I’m more prone to anger, too, when I didn’t sleep well, when I’m fighting a cold, or when I’m having a rough week for any number of reasons—none of which are my 1st graders’ fault. Examining the source of the anger doesn’t magically make it vanish, but it can help me avoid taking it out on my students.
3. Give kids the benefit of the doubt.
A 5th grade teacher at my school once confessed that she had berated a student for her lack of focus. “What’s wrong with you today?” she asked. The student told her, “My dad went to jail last night,” and burst into tears.
Last week I snapped at Ailuk for listlessly thumbing through her book rather than actually reading it. Twenty minutes later, she told me her head felt hot and promptly threw up in the trash can. I felt terrible.
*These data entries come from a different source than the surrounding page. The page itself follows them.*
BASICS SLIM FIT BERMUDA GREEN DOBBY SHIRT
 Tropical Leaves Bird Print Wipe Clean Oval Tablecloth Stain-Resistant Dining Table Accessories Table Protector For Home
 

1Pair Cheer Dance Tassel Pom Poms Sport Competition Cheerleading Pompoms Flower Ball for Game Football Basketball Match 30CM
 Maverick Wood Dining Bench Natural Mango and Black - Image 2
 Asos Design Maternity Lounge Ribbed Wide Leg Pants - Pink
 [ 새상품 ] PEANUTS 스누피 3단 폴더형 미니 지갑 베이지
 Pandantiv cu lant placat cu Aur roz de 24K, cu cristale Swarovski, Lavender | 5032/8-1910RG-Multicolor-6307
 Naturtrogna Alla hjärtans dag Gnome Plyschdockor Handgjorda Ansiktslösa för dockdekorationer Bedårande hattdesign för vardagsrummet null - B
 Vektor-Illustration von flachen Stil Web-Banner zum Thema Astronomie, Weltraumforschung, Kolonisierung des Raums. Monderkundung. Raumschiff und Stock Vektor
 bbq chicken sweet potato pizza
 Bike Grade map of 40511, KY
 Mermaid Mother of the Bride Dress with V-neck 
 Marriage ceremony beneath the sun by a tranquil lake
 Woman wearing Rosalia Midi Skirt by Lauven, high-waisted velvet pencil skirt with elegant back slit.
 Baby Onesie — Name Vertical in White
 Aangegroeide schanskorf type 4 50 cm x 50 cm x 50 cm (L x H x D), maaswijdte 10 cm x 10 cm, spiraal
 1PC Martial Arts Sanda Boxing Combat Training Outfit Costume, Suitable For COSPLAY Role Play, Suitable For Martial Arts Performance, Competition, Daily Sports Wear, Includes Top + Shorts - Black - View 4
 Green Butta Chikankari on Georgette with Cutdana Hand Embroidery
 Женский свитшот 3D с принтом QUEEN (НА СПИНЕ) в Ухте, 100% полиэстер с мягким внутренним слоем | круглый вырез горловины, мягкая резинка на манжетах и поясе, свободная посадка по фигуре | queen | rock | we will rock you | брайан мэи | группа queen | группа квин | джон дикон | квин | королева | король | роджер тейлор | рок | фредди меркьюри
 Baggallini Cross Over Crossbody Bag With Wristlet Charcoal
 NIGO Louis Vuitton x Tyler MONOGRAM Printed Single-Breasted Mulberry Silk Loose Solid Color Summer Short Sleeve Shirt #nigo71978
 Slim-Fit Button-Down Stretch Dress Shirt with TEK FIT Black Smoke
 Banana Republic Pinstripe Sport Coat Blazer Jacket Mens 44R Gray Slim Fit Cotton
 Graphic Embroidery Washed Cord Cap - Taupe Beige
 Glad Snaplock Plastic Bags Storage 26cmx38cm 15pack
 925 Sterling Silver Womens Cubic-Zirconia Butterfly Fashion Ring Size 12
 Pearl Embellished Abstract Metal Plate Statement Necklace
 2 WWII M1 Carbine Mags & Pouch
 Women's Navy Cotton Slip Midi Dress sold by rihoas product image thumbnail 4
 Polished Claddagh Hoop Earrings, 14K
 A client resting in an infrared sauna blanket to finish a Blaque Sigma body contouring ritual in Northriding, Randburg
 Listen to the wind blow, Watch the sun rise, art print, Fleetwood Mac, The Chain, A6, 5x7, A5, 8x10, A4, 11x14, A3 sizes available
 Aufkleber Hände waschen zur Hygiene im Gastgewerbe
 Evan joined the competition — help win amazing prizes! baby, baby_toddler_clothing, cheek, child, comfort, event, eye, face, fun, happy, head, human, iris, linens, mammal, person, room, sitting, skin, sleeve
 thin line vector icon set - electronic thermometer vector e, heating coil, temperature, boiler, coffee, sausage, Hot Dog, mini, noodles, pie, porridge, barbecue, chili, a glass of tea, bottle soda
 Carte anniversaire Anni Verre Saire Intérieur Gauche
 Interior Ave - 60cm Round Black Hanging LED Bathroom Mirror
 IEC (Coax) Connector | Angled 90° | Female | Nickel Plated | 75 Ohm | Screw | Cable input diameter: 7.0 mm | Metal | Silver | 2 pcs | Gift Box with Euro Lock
I have to keep reminding myself to find out what’s wrong with students when they aren’t on task, rather than going straight to a reprimand or consequence. For younger students in particular, so much of their “misbehavior” simply stems from hard things going on at home or expectations they haven’t learned yet how to meet. Individual quirks matter, too. Some kids just have a harder time sitting still on the rug, paying attention, or keeping their desks organized.
Part of our job is to teach the kids in our care how to listen, to focus on their work for an extended period of time, or to resolve their conflicts with one another peacefully. We can’t get angry at children for things we haven’t fully taught them yet.
4. Take care of yourself.
Our job is exhausting. We often grind ourselves down in service of our students until we end up so worn out that we can’t be of any real use to them. Our students deserve well-planned lessons, and that takes some preparation. But they also deserve a teacher who is calm, happy, and well rested.
We have to build the time into our lives to get enough sleep, to take care of our bodies, and to do whatever renews our spirits—whether it’s laughing with friends, taking a walk in the woods, or having an impromptu dance party in the living room with our own children.
Anger will come in this most difficult and human of work, whether we want it to or not. We have to learn how to handle it, or it will handle us. That work begins by simply pointing to the elephant in the room and saying, “See that elephant over there? I do too. What are we going to do about it?”